===== SUPPLIED ENTRIES
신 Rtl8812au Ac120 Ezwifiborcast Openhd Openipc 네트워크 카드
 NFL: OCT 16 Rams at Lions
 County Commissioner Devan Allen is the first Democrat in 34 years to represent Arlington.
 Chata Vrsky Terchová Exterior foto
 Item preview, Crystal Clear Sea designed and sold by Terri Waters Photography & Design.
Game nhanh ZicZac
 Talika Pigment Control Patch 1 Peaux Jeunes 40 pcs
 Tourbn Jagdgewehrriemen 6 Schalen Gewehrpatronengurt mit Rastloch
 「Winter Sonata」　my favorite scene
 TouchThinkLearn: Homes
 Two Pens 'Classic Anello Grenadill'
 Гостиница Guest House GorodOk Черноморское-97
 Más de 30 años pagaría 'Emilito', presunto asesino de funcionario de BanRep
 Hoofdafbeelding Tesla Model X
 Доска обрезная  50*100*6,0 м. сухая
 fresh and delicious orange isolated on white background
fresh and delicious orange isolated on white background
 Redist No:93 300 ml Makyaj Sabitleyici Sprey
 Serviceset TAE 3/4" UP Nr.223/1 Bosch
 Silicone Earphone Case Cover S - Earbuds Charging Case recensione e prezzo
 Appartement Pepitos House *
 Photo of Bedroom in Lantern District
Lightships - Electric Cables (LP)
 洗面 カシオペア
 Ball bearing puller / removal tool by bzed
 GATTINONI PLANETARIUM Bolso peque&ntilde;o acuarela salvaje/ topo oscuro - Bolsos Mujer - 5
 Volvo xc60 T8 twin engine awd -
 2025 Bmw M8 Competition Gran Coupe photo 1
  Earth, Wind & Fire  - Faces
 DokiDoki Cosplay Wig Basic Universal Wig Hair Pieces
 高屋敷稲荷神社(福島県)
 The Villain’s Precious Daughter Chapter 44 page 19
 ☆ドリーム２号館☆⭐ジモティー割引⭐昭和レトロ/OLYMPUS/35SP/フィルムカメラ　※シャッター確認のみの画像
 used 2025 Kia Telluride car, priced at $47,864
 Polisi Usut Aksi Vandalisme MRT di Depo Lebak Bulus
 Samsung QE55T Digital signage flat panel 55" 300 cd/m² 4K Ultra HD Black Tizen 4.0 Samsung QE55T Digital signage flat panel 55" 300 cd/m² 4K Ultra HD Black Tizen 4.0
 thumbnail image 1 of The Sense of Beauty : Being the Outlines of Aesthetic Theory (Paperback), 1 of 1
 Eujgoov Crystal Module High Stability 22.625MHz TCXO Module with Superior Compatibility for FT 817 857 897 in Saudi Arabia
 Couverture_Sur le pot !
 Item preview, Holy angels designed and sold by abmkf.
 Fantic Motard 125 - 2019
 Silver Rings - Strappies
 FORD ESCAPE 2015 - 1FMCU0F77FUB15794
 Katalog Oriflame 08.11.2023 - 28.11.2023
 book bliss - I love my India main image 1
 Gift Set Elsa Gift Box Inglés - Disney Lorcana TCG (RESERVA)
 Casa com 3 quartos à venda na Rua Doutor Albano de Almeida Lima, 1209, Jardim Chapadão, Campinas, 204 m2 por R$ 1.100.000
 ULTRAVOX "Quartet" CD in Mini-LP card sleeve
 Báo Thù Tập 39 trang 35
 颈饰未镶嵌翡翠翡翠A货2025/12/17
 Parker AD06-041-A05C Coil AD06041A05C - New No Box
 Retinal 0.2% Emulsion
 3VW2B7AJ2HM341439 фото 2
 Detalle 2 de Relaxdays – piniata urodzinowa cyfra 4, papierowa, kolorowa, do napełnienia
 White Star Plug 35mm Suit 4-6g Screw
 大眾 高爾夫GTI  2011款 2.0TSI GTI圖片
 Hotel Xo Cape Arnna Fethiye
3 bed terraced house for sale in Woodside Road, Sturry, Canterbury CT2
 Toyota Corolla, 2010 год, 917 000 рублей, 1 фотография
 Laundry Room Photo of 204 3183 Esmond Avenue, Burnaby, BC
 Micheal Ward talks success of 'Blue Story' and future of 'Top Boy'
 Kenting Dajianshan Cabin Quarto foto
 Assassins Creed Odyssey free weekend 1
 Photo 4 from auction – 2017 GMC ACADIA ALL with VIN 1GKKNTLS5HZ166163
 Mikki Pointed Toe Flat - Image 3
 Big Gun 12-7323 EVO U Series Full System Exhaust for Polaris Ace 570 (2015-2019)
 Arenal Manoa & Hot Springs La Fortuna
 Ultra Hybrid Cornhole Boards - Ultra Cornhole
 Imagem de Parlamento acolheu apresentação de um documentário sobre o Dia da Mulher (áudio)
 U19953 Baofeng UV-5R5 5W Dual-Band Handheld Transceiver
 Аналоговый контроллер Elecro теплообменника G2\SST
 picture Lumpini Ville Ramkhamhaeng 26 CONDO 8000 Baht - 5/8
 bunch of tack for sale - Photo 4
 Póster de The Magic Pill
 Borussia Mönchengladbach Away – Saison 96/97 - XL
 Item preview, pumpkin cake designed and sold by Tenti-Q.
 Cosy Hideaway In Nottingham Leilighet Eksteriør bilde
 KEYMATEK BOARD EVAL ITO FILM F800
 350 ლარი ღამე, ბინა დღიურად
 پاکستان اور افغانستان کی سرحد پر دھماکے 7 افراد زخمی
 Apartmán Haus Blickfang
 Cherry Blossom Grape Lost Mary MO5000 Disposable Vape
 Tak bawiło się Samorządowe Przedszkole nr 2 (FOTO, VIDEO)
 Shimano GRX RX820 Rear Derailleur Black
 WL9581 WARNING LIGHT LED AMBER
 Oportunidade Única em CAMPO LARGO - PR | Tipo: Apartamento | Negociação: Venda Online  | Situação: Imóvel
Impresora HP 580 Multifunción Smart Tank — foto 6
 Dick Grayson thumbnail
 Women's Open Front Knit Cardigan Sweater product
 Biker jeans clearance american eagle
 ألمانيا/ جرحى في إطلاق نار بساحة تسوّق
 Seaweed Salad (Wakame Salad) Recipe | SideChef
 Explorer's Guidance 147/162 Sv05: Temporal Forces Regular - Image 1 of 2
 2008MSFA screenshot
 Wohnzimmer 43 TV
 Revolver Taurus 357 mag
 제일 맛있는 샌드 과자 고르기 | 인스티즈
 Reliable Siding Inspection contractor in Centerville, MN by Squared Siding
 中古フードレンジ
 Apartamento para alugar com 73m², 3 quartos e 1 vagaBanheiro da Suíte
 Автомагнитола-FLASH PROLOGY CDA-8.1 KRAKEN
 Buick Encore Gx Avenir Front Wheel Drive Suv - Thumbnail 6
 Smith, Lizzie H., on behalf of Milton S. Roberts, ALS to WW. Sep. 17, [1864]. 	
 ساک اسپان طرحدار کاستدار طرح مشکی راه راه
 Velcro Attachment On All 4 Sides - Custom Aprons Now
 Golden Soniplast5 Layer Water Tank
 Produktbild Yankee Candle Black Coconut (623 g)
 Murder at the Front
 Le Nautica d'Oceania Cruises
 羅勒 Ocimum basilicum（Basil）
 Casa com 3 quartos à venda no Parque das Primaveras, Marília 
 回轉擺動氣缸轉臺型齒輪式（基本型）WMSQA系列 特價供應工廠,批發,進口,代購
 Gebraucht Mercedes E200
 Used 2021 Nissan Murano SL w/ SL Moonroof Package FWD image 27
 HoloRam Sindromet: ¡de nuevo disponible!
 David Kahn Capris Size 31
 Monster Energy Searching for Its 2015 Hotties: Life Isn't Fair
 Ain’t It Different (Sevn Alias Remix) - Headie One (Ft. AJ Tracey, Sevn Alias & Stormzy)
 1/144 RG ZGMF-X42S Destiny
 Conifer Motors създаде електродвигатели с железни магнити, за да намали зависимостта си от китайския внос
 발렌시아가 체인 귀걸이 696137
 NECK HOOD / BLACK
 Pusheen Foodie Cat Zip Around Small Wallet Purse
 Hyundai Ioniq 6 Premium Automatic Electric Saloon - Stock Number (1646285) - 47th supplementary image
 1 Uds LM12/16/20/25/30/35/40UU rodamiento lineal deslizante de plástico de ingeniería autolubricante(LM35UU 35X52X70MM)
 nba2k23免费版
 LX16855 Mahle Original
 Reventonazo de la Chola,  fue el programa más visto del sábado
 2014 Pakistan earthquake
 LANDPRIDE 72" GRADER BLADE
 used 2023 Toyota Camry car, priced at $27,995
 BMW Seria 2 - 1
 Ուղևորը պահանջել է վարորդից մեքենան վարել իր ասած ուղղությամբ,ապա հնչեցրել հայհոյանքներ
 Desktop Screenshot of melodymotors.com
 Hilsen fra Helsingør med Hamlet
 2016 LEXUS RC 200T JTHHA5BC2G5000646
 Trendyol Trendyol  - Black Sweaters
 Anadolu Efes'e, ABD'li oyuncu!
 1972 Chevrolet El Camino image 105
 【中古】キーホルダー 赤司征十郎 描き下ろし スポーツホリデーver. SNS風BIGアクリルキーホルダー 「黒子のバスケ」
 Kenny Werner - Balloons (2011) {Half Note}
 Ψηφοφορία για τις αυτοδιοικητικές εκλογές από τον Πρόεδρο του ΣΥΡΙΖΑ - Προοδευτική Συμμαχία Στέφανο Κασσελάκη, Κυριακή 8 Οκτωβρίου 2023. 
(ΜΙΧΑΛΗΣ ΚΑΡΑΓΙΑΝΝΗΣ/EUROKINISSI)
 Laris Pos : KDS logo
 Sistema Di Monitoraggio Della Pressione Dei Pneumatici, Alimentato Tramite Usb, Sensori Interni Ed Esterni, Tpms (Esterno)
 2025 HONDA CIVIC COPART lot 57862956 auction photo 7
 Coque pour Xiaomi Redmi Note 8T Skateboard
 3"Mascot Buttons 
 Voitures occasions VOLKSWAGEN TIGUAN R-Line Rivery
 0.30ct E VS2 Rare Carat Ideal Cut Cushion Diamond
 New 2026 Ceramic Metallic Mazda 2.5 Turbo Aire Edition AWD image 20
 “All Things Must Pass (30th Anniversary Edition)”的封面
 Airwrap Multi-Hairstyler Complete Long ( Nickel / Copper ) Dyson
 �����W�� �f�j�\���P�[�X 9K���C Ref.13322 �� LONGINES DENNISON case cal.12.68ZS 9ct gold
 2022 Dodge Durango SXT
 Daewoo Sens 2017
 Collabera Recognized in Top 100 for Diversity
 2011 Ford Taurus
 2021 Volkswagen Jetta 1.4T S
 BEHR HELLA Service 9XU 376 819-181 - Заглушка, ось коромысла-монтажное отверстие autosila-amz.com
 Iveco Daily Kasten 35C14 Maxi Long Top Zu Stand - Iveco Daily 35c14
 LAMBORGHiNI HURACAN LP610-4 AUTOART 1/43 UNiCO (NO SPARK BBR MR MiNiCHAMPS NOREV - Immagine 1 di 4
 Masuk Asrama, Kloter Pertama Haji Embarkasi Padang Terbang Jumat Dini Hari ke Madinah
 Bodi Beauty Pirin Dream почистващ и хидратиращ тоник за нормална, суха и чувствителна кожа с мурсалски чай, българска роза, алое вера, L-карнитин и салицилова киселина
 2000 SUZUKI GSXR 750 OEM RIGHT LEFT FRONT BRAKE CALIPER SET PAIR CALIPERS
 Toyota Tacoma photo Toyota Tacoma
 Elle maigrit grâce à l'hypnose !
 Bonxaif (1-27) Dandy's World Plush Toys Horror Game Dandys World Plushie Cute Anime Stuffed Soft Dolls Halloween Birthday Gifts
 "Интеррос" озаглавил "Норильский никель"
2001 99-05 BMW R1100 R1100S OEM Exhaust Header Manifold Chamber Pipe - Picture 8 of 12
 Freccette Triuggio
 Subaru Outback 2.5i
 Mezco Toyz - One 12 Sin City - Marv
==========
For the lines above, output exactly those from the line containing "350 ლარი ღამე, ბინა დღიურად" through the line containing "Автомагнитола-FLASH PROLOGY CDA-8.1 KRAKEN", and skip the others.

• **COMPLETED TASK**:
 350 ლარი ღამე, ბინა დღიურად
 پاکستان اور افغانستان کی سرحد پر دھماکے 7 افراد زخمی
 Apartmán Haus Blickfang
 Cherry Blossom Grape Lost Mary MO5000 Disposable Vape
 Tak bawiło się Samorządowe Przedszkole nr 2 (FOTO, VIDEO)
 Shimano GRX RX820 Rear Derailleur Black
 WL9581 WARNING LIGHT LED AMBER
 Oportunidade Única em CAMPO LARGO - PR | Tipo: Apartamento | Negociação: Venda Online  | Situação: Imóvel
Impresora HP 580 Multifunción Smart Tank — foto 6
 Dick Grayson thumbnail
 Women's Open Front Knit Cardigan Sweater product
 Biker jeans clearance american eagle
 ألمانيا/ جرحى في إطلاق نار بساحة تسوّق
 Seaweed Salad (Wakame Salad) Recipe | SideChef
 Explorer's Guidance 147/162 Sv05: Temporal Forces Regular - Image 1 of 2
 2008MSFA screenshot
 Wohnzimmer 43 TV
 Revolver Taurus 357 mag
 제일 맛있는 샌드 과자 고르기 | 인스티즈
 Reliable Siding Inspection contractor in Centerville, MN by Squared Siding
 中古フードレンジ
 Apartamento para alugar com 73m², 3 quartos e 1 vagaBanheiro da Suíte
 Автомагнитола-FLASH PROLOGY CDA-8.1 KRAKEN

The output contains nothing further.